Instructions for the task: Below are some records. Pull every line that contains the word "with".

Data shown:
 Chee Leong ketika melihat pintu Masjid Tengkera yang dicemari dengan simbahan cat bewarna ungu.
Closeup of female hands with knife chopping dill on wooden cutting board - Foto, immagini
...
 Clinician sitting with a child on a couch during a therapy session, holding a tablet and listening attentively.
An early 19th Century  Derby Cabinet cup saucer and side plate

Solution to this exercise:
Closeup of female hands with knife chopping dill on wooden cutting board - Foto, immagini
 Clinician sitting with a child on a couch during a therapy session, holding a tablet and listening attentively.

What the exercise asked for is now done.